Sure, I put off starting my New Year’s transformation until after Jan. 1 (you know, all that football to watch and food to eat), but I begin with the best of intentions. Most of us do, as we pledge to quit ______ (insert bad habit), to start ______ (insert life-changing regimen) or to improve ______ (insert skill/role) in the New Year.
But filling in the blanks is a lot easier than fulfilling the promise. It’s like that for the city too, as this month we welcome Frank Jackson as the 56th mayor of Cleveland. The first populist mayor in a generation, Jackson has made heavy the scale against which his term will be weighed: “whether the least of us is better off because of what I do.”
As someone who came from the least of us, Jackson seems all too aware of how easily promises can be broken, explaining to associate editor Erick Trickey, “All I’m trying to do is make what we say and what we do the same thing.” (See “The Populist,” page 78.)
We hope he succeeds. The city needs a string of accomplishments, goals set and met, small or ambitious, to generate momentum and carry us forward.
With that in mind, we at Cleveland Magazine would like to suggest some resolutions for 2006 for the new administration and our residents.
Let’s strengthen our schools. Educating our children must be our first priority. It begins with the right choice for schools CEO and must serve every child.
Let’s put City Council on a diet and reduce its size from 21 to 11 members. With a goal of being more efficient, the fitter body should also be less parochial and better focused on broader issues.
Let’s quit giving people excuses to stay in the ’burbs.
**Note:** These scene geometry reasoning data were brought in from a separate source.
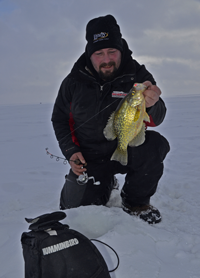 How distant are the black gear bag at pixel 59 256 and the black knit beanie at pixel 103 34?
2.15 m

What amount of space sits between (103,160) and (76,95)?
867mm

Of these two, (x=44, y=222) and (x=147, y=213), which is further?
(x=147, y=213)

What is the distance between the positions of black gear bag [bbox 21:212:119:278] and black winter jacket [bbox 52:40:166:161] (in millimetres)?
1483

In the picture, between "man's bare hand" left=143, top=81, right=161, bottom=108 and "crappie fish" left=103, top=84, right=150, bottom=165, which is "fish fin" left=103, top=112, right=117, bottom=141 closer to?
"crappie fish" left=103, top=84, right=150, bottom=165

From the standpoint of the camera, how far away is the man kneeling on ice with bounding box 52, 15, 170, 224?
8.60ft

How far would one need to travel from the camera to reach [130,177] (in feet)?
8.91

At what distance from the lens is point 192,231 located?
216cm

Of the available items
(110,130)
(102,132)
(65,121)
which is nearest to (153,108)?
(110,130)

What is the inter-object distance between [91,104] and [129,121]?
744 mm

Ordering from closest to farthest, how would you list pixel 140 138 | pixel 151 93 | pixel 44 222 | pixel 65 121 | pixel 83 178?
pixel 44 222 → pixel 151 93 → pixel 140 138 → pixel 83 178 → pixel 65 121

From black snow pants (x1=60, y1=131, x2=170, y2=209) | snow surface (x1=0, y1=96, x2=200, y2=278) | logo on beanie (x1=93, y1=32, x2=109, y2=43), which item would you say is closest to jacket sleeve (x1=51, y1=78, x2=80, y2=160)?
black snow pants (x1=60, y1=131, x2=170, y2=209)

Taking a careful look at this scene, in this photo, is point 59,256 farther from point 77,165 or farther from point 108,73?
point 108,73

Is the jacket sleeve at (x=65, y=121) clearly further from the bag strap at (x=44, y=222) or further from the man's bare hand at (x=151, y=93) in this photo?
the bag strap at (x=44, y=222)

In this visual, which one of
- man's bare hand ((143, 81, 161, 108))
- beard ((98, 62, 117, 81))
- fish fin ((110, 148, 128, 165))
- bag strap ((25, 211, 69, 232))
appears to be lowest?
bag strap ((25, 211, 69, 232)) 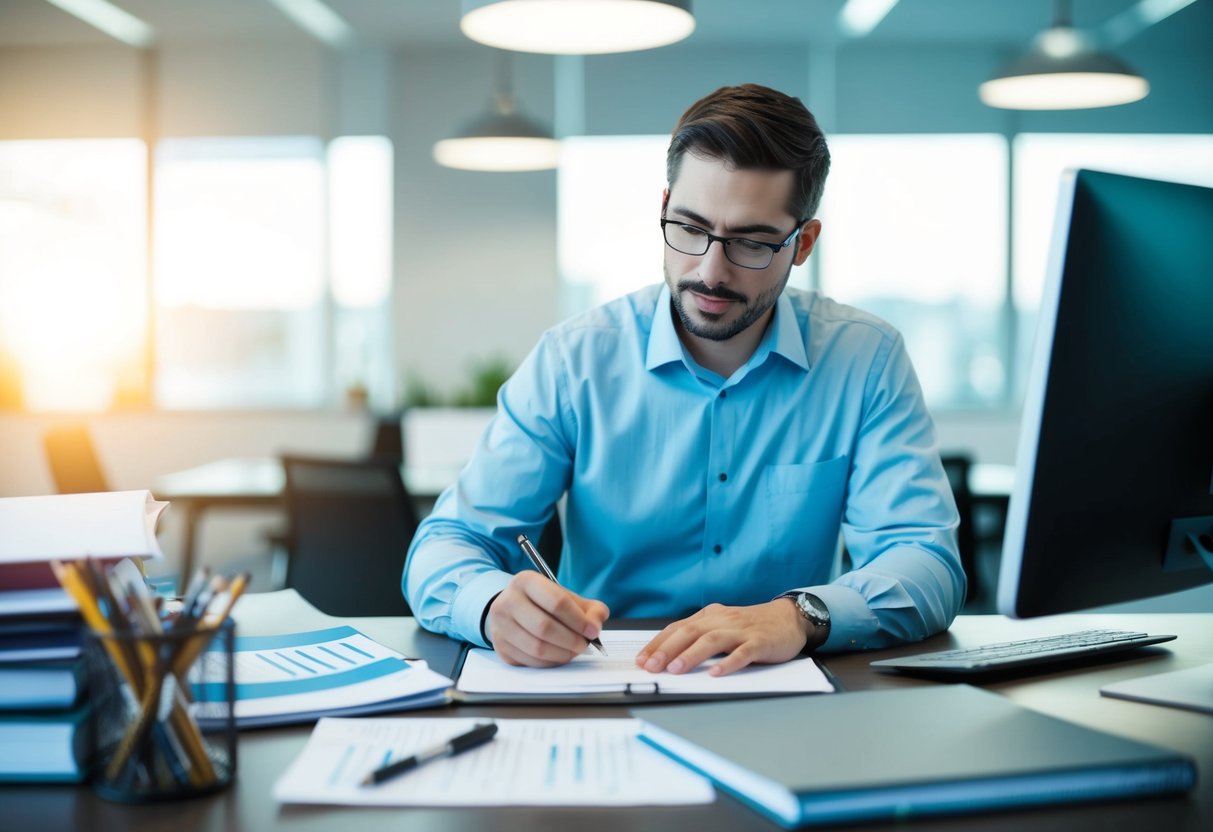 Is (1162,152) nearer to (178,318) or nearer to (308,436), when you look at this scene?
(308,436)

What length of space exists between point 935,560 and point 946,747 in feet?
2.11

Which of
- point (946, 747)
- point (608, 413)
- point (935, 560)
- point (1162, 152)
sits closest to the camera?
point (946, 747)

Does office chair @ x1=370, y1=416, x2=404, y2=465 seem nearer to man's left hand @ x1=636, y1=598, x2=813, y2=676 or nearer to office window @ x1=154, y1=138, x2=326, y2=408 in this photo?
office window @ x1=154, y1=138, x2=326, y2=408

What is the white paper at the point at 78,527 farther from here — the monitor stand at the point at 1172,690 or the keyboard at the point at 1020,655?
the monitor stand at the point at 1172,690

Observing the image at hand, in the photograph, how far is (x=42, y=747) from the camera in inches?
32.4

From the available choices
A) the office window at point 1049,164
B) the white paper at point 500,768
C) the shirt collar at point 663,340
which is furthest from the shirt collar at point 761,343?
the office window at point 1049,164

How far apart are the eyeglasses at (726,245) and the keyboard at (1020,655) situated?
621 mm

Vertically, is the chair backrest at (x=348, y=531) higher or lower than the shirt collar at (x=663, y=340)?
lower

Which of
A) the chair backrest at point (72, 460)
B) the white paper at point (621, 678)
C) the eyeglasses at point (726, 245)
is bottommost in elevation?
the chair backrest at point (72, 460)

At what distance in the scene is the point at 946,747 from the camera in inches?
32.1

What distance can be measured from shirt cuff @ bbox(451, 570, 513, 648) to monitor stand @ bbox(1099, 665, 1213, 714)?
0.66 m

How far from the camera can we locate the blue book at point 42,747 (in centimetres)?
82

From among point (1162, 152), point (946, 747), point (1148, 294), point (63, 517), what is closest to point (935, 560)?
point (1148, 294)

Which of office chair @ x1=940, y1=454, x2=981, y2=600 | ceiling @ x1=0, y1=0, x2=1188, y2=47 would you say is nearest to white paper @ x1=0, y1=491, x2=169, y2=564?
office chair @ x1=940, y1=454, x2=981, y2=600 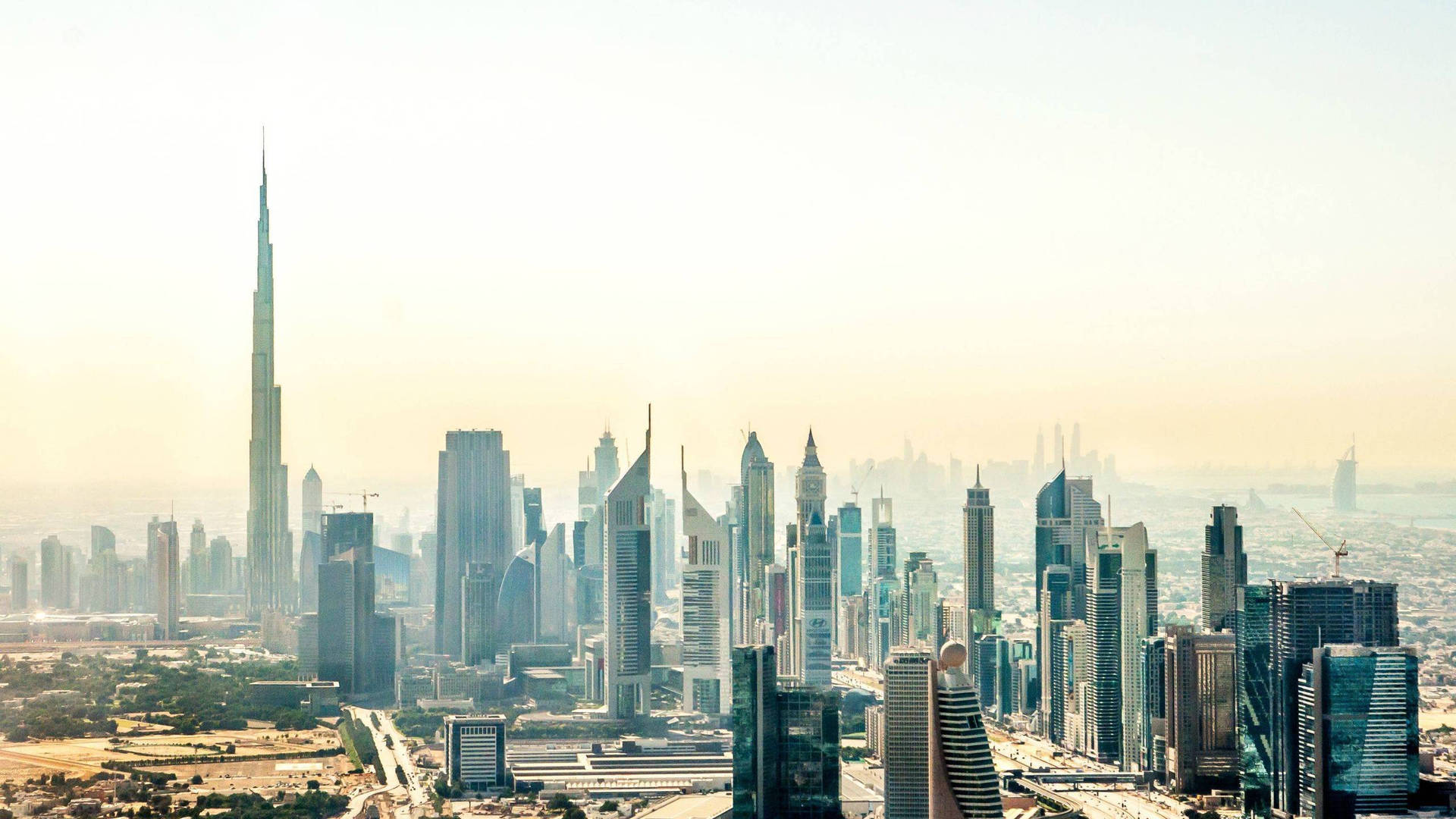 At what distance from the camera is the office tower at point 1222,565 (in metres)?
23.9

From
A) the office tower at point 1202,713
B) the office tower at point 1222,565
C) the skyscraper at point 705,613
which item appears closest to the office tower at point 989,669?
the skyscraper at point 705,613

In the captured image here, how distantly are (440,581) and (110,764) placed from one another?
14.1m

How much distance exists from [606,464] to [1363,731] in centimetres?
1780

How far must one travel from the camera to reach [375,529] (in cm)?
3366

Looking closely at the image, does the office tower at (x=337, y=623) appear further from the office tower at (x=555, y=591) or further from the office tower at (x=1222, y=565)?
the office tower at (x=1222, y=565)

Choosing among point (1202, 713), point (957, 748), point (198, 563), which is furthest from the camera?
point (198, 563)

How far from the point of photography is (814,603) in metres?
32.2

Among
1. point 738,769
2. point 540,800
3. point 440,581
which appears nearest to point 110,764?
point 540,800

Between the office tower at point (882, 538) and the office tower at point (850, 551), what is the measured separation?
0.27 metres

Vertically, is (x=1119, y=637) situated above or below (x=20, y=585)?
below

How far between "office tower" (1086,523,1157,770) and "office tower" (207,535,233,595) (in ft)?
57.8

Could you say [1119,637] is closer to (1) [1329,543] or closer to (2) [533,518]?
(1) [1329,543]

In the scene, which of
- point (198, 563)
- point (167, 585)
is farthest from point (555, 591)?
point (167, 585)

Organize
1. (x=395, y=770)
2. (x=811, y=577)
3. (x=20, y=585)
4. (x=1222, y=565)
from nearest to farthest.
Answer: (x=395, y=770)
(x=1222, y=565)
(x=20, y=585)
(x=811, y=577) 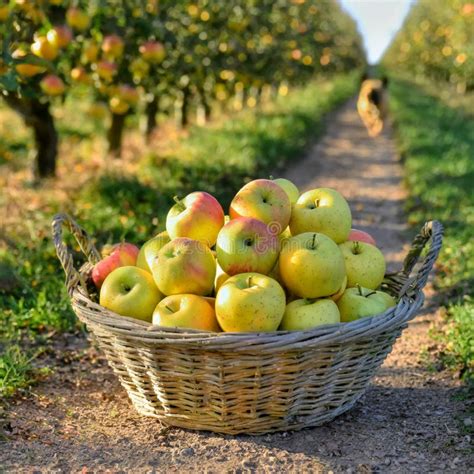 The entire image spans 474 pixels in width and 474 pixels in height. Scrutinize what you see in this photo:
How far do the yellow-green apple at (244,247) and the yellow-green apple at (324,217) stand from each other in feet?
0.80

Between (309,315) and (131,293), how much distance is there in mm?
638

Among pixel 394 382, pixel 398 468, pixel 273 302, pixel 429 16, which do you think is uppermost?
pixel 273 302

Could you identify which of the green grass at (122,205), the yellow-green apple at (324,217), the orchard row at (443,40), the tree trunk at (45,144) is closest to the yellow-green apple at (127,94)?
the green grass at (122,205)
Encourage people to come downtown, suggests managing editor Jim Vickers: That means dropping talk of extending parking meter hours in nightlife districts (if the bad idea ever emerges again) and absolutely no more intersection cameras.
Let’s invigorate downtown with more people living, working and playing here. With new construction and former warehouses being rehabbed into apartments and condos all the time, living downtown is becoming cool. And as more amenities arrive, we should consider what else we can do — such as finding a regionally unique retail tenant for the former Higbee’s location on Public Square.
Let’s go green. No, we’re not talking eating more veggies here, but making Cleveland heathier by becoming more environmentally conscious in our business practices and our lives. Last year, Cleveland hired its first sustainability programs manager, Andrew Waterson (he’s one of our “Most Interesting People,” see page 96), to spearhead sustainability within city government and with like-minded community groups.
And yes, you can do something about this too, suggest Trickey and assistant editor Amber Matheson: Walk and bike more, use cars less. Long walks, bike rides and trips on the Rapid all clear your mind better than driving, and they clear the air around Cleveland, unclog its arteries and get blood pumping through under-exercised parts of town.
Let’s experience the whole city. It will help remedy our notorious inferiority complex and make us better promoters of what makes Cleveland special. Be a tourist in your own town, suggests associate editor Monica Arjev: Visit the brand-new money museum at the Federal Reserve Bank of Cleveland (see page 22) or the Maltz Museum of Jewish Heritage. Check out the latest exhibits at the Rock Hall, Great Lakes Science Center or HealthSpace Cleveland.
And let’s do better for ourselves by doing better for others, suggests associate editor Jacqueline Marino: Listen more. Let the words of others resonate once in a while. Don’t rush to fill the silence. Read more. When you engage with the written word, it sticks with you. It informs, connects and helps you find solutions. Volunteer for something. There’s no substitute to actually giving your time to a cause you believe in. Try to be the solution.
Because a better life and a better city is what we all want for the future.